Python grouping JSON object using multiple keys

I have this JSON object which has structure as follows (the json object was extracted from pandas dataframe using to_json(orient="records"))

data = [{'month': 'Jan','date': '18','activity': 'cycling','duration': 3},
        {'month': 'Jan', 'date': '18','activity': 'reading', 'duration': 3.0},
        {'month': 'Jan', 'date': '19', 'activity': 'scripting', 'duration': 19.5},
        {'month': 'Feb','date': '18', 'activity': 'work', 'duration': 22.0 },
        {'month': 'Feb', 'date': '19', 'activity': 'cooking','duration': 0.7},
        {'month': 'March', 'date': '16', 'activity': 'hiking', 'duration': 8.0}]
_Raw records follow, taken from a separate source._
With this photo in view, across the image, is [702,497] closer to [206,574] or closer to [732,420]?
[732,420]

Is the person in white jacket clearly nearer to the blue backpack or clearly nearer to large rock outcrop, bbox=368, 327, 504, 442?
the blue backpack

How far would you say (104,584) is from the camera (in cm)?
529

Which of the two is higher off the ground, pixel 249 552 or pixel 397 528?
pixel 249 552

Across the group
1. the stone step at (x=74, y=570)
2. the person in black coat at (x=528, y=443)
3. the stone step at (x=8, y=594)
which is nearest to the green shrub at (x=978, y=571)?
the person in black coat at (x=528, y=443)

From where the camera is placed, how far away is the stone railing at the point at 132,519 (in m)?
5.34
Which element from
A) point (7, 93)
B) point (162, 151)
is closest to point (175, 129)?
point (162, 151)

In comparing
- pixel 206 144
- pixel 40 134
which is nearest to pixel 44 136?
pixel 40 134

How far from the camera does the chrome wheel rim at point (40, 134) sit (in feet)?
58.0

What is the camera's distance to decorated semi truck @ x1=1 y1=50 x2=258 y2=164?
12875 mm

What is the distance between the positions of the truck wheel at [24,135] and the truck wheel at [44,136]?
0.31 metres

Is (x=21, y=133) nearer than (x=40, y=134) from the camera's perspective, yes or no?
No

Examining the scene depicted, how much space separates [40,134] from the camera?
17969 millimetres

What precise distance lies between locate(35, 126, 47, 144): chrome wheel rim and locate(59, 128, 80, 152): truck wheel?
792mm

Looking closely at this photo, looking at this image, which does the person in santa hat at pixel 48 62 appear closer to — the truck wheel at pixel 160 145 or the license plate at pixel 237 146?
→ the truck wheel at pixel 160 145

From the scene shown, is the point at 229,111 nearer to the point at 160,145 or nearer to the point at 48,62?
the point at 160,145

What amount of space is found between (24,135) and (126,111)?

Am trying to group by two fields month and date Expected result:

data =  [{
            "month": "Jan",
            "details": [{
                "date": "18",
                "effort": [{
                    "activity": "cycling",
                    "duration": 3
                }, {
                    "activity": "reading",
                    "duration": 3.0
                }]
            }, {
                "date": "19",
                "effort": [{
                    "activity": "scripting",
                    "duration": 19.5
                }]
            }]
        }, {
            "month": "Feb",
            "details": [{
                "date": "18",
                "effort": [{
                    "activity": "work",
                    "duration": 22.0
                }]
            }, {
                "date": "19",
                "effort": [{
                    "activity": "cooking",
                    "duration": 0.7
                }]
            }]
        }, {
            "month": "March",
            "details": [{
                "date": "16",
                "effort": [{
                    "activity": "hiking",
                    "duration": 8.0
                }]
            }]
        }]

I tried having the data as python dictionary which is extracted from pandas dataframe using to_dict(orient="records")

list_ = []

for item in dict_:
    list_.append({"month" : item["month"],
                                "details":
                                [{
                                    "date" : item["date"],
                                    "efforts" : 
                                        [{
                                            "activity" : item["activity"],
                                            "duration": item["duration"]
                                        }]
                                }]
                            })

json.dumps(list_)       

and the output i got is

[{
    "month": "Jan",
    "details": [{
        "date": "18",
        "efforts": [{
            "duration": 3,
            "activity": "cycling"
        }]
    }]
}, {
    "month": "Jan",
    "details": [{
        "date": "18",
        "efforts": [{
            "duration": 3.0,
            "activity": "reading"
        }]
    }]
}, {
    "month": "Jan",
    "details": [{
        "date": "19",
        "efforts": [{
            "duration": 19.5,
            "activity": "scripting"
        }]
    }]
}, {
    "month": "Feb",
    "details": [{
        "date": "18",
        "efforts": [{
            "duration": 22.0,
            "activity": "work"
        }]
    }]
}, {
    "month": "Feb",
    "details": [{
        "date": "19",
        "efforts": [{
            "duration": 0.7,
            "activity": "cooking"
        }]
    }]
}, {
    "month": "March",
    "details": [{
        "date": "16",
        "efforts": [{
            "duration": 8.0,
            "activity": "hiking"
        }]
    }]
}]

am not handling the concatenation of values to the existing fields.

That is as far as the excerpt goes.